Op Mars werden echter allerlei structuren gevonden die doen vermoeden dat er lang geleden stromend water op de planeet geweest is: opgedroogde rivierbeddingen, stromingsgeulen, druppelvormige gesteentenformaties die doen denken aan eilanden in een meanderende rivier, enzovoort. Zou er in een ver verleden misschien leven op Mars geweest kunnen zijn?
Dankzij het onderzoek van een groot aantal kunstmanen en landers staat inmiddels vast dat er in de bodem van Mars veel ijs voorkomt, en dat er in het verre verleden gedurende lange tijd vloeibaar water aan het oppervlak is geweest. De planeet had toen een hogere oppervlaktetemperatuur en een dikkere dampkring. Mars was ooit echt een klein broertje van de aarde, en het is niet ondenkbaar dat er lang geleden ook ooit primitief leven is ontstaan.
Omdat Mars kleiner is dan de aarde, kwam de geologische activiteit van de planeet eerder tot rust, en werd de koolzuurkringloop doorbroken, die zo essentieel is voor de stabiliteit van het klimaat. De dampkring loste op, de temperatuur daalde, en het water op Mars bevroor - een deel is opgeslagen in de twee kleine poolkappen, maar het meeste water bevindt zich ondergronds in een dikke permafrostlaag. Als er ooit leven op Mars is geweest, heeft dat de ingrijpende klimaatsomslag hoogstwaarschijnlijk niet overleefd.
Mars is nu een grote, koude steenwoestijn. De temperatuur komt er zelden boven het vriespunt; de luchtdruk is minder dan één procent van de luchtdruk op aarde, en hevige stofstormen teisteren het planeetoppervlak. Dat oppervlak vertoont overigens bijzonder boeiende geologische structuren, zoals duizenden kilometers lange breuksystemen, en kolossale schildvulkanen die vijfentwintig kilometer boven de omringende vlakte uitrijzen.
Ook de aarde moet in het verleden te lijden hebben gehad onder hevige klimaatschommelingen. Maar op de een of andere manier heeft onze planeet altijd een soort evenwicht weten te bewaren, waarbij de oppervlaktetemperatuur nooit zo ver steeg of daalde dat er geen vloeibaar water meer zou kunnen voorkomen. Hoe dat kan is nog steeds een groot raadsel: een paar miljard jaar geleden was de zon dertig procent zwakker en koeler dan nu, en niemand weet precies hoe de aarde erin is geslaagd om toen toch warm genoeg te blijven.

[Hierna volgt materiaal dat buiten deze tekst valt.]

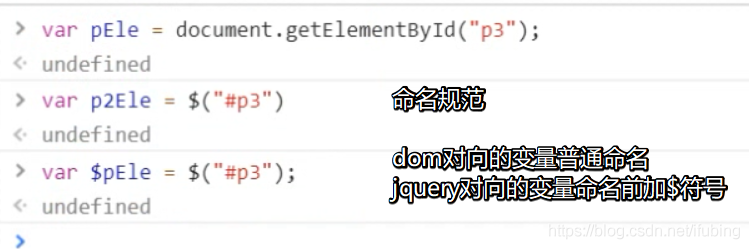 jquery-jquery对向与dom标签对向_html_04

Eén ding is echter wel duidelijk: als onze planeet wat dichter bij de zon had gestaan, zou het hem net zo zijn vergaan als Venus, en als hij een slag kleiner was geweest, zou hij net als Mars veranderd zijn in een koude, dode bol.
Ondertussen is het nog steeds niet zeker of er in het geologische verleden ooit micro-organismen op Mars hebben geleefd. Het zal nog wel jaren duren voordat de vraag naar leven op Mars definitief is beantwoord.
En die rode kleur? Die wordt veroorzaakt door ijzeroxiden in het Marsstof. De stofdeeltjes bevatten veel ijzer, en dat 'roest' onder invloed van de oxiderende werking van de dampkring. De oranjerode kleur van Mars is met het blote oog goed te zien, en vanwege die 'bloedrode' tint is de planeet lang geleden genoemd naar de god van de oorlog.
Mars heeft twee kleine maantjes (Phobos en Deimos), maar net zo min als onze eigen maan zijn die tegelijk met de planeet gevormd. Het zijn ingevangen planetoïden - kleine rotsblokken die overbleven bij de vorming van het zonnestelsel, en waarvan er vele duizenden rondzwalken tussen de banen van Mars en Jupiter.